37Toen ze de volgende dag de berg afdaalden, kwam Hem een grote menigte tegemoet. 38Uit de menigte riep iemand om hulp: ‘Meester, kijk alstublieft eens naar mijn zoon; hij is mijn enig kind. 39Een geest neemt bezit van hem en dan schreeuwt hij het ineens uit. Hij laat hem stuiptrekken en schuimbekken, en laat hem bijna niet meer los, zo martelt hij hem. 40Ik heb uw leerlingen al gevraagd hem uit te drijven, maar ze waren er niet toe in staat.’ 41Jezus antwoordde: ‘Ongelovig en tegendraads slag mensen, hoelang moet Ik nog bij u blijven en u verdragen? Breng uw zoon hier.’ 42Nog terwijl de jongen naderbij kwam, wierp de demon hem stuiptrekkend op de grond. Maar Jezus bestrafte de onreine geest, Hij genas de jongen, en gaf hem weer aan zijn vader. 43Allen stonden versteld van de grootheid van God. Te midden van de algemene verbazing over alles wat Hij deed, zei Hij tegen zijn leerlingen: 44‘Knoop goed in je oren wat Ik jullie nu zeg: de Mensenzoon zal worden uitgeleverd en valt in de handen van mensen.’ 45Ze begrepen het echter niet; wat Hij zei bleef voor hen verborgen, zodat ze het niet snapten, maar ze durfden Hem er niets over te vragen. 46Zij kregen een meningsverschil, wie van hen de grootste was. 47Omdat Jezus wist wat er in hen omging, haalde Hij een kind naar zich toe, 48en zei tegen hen: ‘Wie dit kind ontvangt in mijn naam, ontvangt Mij; en wie Mij ontvangt, ontvangt degene die Mij gezonden heeft. Want de kleinste van jullie allemaal, die is groot.’ 49Johannes antwoordde: ‘Meester, wij hebben iemand in uw naam demonen zien uitdrijven, en wij hebben geprobeerd hem tegen te houden, omdat hij U niet volgt, zoals wij.’ 50Maar Jezus zei tegen hem: ‘Houd hem niet tegen, want wie niet tegen jullie is, is vóór jullie.’

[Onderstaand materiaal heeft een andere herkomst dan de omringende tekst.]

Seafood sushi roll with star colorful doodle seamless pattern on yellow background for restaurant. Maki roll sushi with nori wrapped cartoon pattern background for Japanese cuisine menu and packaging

Begin van Jezus’ reis naar Jeruzalem

51Toen de tijd naderde dat Hij zou worden weggenomen, koos Hij vastberaden Jeruzalem als reisdoel.

Een ongastvrij dorp in Samaria

52Hij zond boden voor zich uit, maar toen die in een Samaritaans dorp kwamen om zijn komst voor te bereiden, 53wilde men Hem niet ontvangen, omdat Hij Jeruzalem als reisdoel had gekozen. 54Toen de leerlingen Jakobus en Johannes dat merkten, zeiden ze: ‘Heer, zullen we zeggen "dat er vuur uit de hemel moet neerdalen om hen te vernietigen?"’ 55Maar Hij keerde zich om en wees hen terecht. 56Toen gingen ze naar een ander dorp.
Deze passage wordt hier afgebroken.